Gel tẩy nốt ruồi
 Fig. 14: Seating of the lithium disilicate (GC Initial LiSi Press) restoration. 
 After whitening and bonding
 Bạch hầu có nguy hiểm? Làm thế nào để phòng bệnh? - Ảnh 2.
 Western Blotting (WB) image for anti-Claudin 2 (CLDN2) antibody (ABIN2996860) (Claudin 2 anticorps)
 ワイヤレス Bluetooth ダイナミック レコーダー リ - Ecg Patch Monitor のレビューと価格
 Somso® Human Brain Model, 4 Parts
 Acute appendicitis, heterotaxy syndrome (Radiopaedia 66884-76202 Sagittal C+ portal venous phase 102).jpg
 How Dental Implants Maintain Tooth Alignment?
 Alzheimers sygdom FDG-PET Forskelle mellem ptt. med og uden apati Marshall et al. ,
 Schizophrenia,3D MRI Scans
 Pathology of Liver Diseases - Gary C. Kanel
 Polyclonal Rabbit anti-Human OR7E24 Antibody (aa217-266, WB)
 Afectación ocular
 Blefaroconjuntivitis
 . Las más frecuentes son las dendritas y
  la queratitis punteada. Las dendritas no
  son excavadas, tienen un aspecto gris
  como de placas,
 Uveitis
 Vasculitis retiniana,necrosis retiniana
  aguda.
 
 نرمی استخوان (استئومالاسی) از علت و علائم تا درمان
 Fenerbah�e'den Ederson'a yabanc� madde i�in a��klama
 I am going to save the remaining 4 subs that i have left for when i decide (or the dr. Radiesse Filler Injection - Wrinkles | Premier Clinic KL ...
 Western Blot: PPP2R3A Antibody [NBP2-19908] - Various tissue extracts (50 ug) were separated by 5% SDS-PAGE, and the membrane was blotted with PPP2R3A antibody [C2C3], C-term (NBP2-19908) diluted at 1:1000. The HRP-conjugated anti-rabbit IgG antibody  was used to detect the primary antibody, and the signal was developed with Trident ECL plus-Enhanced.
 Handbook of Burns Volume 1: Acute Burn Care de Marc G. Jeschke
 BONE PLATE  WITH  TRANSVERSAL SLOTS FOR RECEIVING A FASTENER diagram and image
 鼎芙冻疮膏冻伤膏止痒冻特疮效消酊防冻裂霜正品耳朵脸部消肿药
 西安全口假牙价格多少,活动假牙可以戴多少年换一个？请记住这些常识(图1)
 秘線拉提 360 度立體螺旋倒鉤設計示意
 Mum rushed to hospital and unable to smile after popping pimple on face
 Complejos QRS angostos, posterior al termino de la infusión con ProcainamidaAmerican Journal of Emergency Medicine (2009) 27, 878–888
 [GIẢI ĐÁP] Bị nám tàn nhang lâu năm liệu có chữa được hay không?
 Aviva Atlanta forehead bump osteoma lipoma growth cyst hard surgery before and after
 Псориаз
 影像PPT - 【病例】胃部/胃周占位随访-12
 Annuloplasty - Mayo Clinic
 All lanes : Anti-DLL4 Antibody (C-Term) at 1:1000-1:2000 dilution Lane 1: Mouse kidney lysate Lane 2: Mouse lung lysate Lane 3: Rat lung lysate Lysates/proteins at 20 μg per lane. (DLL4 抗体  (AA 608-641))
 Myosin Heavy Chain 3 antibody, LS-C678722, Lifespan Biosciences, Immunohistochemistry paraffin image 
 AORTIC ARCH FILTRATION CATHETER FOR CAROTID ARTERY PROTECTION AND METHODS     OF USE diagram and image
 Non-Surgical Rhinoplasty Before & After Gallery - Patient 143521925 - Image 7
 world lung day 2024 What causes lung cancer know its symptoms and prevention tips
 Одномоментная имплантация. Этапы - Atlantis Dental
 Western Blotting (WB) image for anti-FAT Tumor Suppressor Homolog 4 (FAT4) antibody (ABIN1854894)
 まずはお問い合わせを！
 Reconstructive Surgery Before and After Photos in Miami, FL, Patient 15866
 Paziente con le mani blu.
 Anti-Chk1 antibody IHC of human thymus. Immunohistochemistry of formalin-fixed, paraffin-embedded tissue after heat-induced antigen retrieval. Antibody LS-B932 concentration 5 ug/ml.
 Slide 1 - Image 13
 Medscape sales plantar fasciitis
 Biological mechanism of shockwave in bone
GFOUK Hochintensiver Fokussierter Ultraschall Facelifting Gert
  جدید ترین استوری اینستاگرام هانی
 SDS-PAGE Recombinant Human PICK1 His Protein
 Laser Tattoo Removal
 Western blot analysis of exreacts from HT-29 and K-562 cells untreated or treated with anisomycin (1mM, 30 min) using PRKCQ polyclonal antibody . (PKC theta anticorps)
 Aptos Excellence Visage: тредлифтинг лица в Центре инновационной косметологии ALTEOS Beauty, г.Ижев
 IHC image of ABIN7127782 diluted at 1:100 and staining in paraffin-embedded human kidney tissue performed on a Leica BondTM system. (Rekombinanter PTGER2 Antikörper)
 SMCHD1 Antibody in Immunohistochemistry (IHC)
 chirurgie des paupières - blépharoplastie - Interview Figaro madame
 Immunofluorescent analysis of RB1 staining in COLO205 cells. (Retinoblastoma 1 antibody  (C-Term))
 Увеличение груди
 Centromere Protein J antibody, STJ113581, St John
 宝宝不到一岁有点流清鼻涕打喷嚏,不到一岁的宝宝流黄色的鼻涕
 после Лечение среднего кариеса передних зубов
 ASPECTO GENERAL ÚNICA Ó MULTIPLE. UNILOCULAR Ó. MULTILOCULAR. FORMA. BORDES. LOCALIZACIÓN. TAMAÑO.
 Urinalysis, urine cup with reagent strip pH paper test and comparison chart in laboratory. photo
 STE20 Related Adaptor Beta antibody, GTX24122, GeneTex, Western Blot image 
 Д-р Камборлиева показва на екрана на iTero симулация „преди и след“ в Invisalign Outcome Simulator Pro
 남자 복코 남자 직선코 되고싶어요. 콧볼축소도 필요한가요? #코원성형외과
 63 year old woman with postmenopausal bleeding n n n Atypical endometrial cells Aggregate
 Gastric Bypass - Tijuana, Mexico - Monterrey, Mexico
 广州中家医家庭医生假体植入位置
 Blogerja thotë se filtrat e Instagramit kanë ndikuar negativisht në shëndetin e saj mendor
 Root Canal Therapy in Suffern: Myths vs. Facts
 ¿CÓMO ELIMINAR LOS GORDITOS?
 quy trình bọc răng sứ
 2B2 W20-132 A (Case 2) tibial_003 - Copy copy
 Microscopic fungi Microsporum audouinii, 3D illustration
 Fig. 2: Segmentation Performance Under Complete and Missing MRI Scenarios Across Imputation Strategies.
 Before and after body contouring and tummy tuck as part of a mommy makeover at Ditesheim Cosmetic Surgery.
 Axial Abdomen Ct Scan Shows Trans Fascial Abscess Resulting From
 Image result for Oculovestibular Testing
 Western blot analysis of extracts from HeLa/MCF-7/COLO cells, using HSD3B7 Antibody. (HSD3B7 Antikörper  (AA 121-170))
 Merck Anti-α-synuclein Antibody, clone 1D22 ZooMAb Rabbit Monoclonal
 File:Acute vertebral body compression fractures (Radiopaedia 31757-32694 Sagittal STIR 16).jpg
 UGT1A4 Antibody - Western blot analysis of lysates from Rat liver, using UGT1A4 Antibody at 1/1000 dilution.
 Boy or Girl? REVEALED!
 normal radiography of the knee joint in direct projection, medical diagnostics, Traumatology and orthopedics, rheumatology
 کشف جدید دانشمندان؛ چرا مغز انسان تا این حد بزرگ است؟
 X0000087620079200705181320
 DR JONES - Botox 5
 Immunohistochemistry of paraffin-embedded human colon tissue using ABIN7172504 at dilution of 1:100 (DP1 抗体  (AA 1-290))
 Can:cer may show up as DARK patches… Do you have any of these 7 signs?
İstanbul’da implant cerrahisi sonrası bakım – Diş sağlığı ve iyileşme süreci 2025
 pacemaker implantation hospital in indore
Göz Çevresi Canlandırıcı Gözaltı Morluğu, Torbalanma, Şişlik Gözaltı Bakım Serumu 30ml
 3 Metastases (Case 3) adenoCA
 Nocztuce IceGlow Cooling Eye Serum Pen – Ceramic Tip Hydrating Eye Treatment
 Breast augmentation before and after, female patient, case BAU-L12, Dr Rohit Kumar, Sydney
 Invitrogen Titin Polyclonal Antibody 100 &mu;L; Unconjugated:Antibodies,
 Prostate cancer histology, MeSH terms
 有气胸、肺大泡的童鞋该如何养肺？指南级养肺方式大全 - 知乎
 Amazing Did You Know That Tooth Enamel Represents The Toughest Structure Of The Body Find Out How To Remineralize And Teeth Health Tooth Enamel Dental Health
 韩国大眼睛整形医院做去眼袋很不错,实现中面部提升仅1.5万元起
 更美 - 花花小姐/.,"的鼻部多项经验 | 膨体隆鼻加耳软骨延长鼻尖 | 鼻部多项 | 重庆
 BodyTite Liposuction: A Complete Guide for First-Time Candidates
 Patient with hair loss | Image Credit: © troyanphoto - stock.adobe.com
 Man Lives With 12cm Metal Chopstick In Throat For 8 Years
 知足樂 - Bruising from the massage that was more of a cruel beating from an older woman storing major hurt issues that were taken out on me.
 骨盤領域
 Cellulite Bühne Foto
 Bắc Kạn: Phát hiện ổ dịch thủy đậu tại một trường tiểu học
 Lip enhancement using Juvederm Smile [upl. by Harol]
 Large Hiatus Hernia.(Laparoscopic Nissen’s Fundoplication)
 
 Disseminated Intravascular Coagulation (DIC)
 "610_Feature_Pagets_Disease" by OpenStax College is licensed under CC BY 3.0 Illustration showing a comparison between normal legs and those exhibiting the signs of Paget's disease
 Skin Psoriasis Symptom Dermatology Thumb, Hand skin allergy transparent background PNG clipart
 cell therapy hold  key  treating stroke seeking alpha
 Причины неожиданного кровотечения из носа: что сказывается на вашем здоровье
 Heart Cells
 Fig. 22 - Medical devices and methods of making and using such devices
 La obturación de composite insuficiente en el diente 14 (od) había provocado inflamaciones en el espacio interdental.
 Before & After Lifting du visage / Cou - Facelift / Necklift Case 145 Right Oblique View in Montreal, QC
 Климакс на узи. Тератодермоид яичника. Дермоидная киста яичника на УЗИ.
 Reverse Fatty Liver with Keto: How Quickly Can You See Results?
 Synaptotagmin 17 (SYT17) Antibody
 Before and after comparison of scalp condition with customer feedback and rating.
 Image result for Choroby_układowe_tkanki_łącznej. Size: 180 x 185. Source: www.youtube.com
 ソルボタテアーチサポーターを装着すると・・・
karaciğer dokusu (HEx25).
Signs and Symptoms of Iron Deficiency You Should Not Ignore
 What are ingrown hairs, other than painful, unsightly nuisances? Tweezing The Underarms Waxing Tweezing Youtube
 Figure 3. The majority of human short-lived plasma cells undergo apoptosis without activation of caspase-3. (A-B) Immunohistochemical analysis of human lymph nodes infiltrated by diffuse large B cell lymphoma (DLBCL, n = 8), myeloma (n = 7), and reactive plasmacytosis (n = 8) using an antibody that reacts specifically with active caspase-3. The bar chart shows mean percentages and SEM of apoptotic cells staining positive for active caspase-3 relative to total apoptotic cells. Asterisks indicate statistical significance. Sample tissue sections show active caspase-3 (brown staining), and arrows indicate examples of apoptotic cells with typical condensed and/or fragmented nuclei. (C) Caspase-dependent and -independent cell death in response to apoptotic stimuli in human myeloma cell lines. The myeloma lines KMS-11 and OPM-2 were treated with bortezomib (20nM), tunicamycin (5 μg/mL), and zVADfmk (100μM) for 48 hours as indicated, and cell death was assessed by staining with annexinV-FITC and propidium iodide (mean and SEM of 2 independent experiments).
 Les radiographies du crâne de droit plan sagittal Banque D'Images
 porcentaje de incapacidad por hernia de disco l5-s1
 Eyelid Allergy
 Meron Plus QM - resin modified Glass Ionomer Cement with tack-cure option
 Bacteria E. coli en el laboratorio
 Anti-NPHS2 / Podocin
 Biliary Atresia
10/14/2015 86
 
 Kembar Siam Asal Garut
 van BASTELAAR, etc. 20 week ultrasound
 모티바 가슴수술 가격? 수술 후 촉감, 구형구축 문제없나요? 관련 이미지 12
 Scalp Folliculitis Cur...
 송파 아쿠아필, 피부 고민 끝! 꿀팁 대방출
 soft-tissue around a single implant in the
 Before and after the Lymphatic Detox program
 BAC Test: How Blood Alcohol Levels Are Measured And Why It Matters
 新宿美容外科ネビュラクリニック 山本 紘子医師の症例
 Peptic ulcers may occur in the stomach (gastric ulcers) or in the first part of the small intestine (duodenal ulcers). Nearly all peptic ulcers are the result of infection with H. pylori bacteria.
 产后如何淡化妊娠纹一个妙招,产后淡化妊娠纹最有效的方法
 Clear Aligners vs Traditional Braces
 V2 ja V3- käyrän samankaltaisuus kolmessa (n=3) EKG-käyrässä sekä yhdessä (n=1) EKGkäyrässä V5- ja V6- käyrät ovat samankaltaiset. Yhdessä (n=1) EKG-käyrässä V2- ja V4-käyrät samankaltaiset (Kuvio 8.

════════════════════

* THE TASK *
Copy every line of the records above that holds the word "What".

* YOUR RESPONSE *
 world lung day 2024 What causes lung cancer know its symptoms and prevention tips
 What are ingrown hairs, other than painful, unsightly nuisances? Tweezing The Underarms Waxing Tweezing Youtube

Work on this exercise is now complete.